Из-за спешки пришлось даже упростить мудреную процедуру. Обычно приговоры осужденным оглашались за день до аутодафе, после того, как пышная процессия зеленый крест вносила на площадь, а белый – устанавливала на месте казни. На сей раз приговор было решено прочесть перед самым началом церемонии прилюдно, когда огромная толпа до отказа заполнит Пласа-Майор. Доставив из тюрем Толедо заключенных общим числом двадцать человек, их – то есть нас – разместили в подвале на улице Премостенсес, в просторечии именуемой улицей Инквизиции, неподалеку от площади Сан-Доминго.

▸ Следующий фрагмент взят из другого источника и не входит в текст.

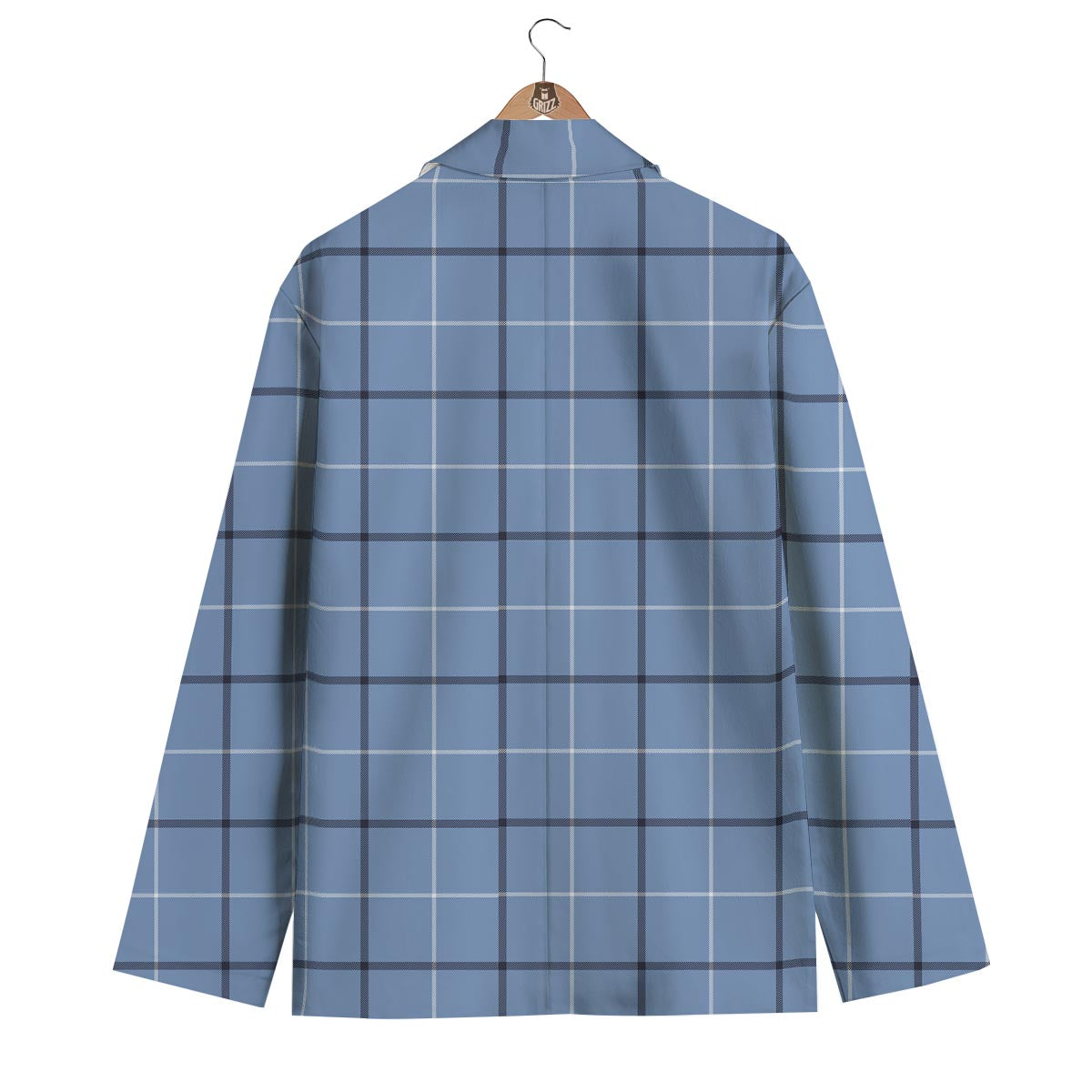 Tattersall Solf Blue Print Pattern Men's Blazer-grizzshop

И стало быть, в субботу вечером, не дав ни с кем и словом перемолвиться, меня вывели из камеры, втолкнули в карету с зашторенными окнами и под надежной, хорошо вооруженной охраной доставили к месту назначения, озаренному светом смоляных факелов. В столичной тюрьме накормили довольно пристойным ужином, дали тюфяк и одеяло, под которым предстояло мне скоротать эту ночь, заполненную топотом ног, лязгом запоров, звуками голосов, беготней, суетой – все эти звуки доносились ко мне из коридора. Я всерьез опасался, что наступающий день не сулит мне ничего хорошего, и ломал себе голову, ожидая, когда же осенит ее, как это обычно случается с героями Лопе, блестящая мысль и отыщется выход. В те минуты я пребывал в полнейшей уверенности, что, какая бы вина ни тяготела надо мной, отправить меня на костер инквизиторы не имеют права – года мои не вышли. А вот засечь плетьми или сгноить за решеткой – с них станется, и я совершенно не знал, что из двух предпочтительней: то и другое мало мне улыбалось. Но тем не менее – поистине чудесна натура человеческая! – здоровые гуморы, столь свойственные младости, тяготы заключения и трудный путь сделали свое дело, и после того, как я промаялся довольно долго, снова и снова предаваясь размышлениям о своей печальной судьбе, благодетельный и целительный сон наконец сжалился надо мной, милосердно избавив от тревоги, томившей мой бодрствующий рассудок.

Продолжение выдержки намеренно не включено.